▸ PROBLEM REQUIREMENTS: Look for the line containing "this 300×200 image." and the line containing "this 350×262 image." in the entries below. Copy those two and all lines between them exactly, leaving out pictures.

▸ STUDY MATERIAL:
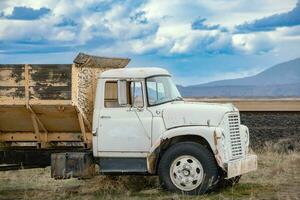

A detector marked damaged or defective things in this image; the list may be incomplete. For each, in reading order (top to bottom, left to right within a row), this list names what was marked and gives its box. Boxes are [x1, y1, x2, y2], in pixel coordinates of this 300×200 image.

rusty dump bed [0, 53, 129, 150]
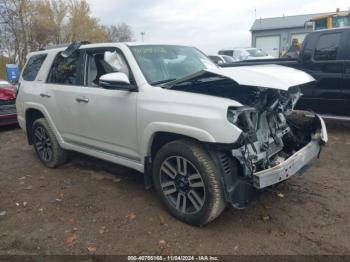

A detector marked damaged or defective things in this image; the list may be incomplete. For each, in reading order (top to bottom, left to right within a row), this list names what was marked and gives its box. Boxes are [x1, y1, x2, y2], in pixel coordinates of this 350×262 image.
==
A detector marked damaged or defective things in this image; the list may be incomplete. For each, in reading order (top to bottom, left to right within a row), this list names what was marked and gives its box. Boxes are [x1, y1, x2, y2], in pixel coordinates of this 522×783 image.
* * *
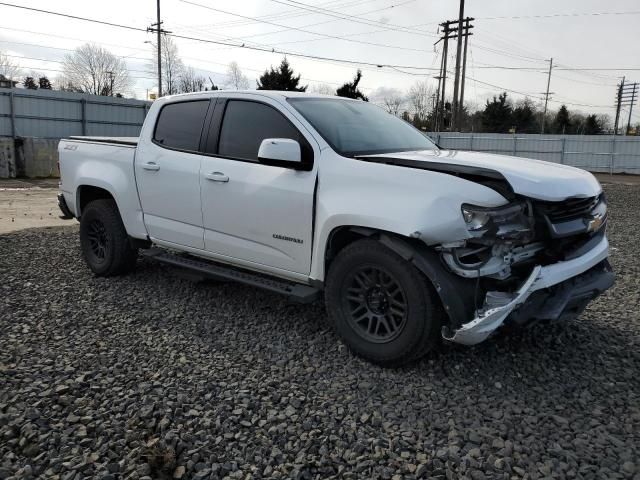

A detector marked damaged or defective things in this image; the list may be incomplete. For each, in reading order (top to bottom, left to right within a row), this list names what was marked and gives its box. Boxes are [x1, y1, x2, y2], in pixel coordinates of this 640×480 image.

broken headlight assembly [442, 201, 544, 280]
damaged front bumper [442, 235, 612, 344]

▸ EXERCISE RESPONSE:
A detector marked damaged or defective things in this image; the list may be incomplete. For each, in reading order (top to bottom, left to right within a row), this list names what was marked and gives its box. Boxes are [x1, y1, x2, y2], in pixel coordinates of this 300×200 image.

rusty dump bed [0, 53, 129, 150]

A detector marked damaged or defective things in this image; the list may be incomplete. For each, in reading order (top to bottom, left to right within a row), this list names what was marked and gives its box. Boxes are [x1, y1, x2, y2], in pixel coordinates of this 350×262 image.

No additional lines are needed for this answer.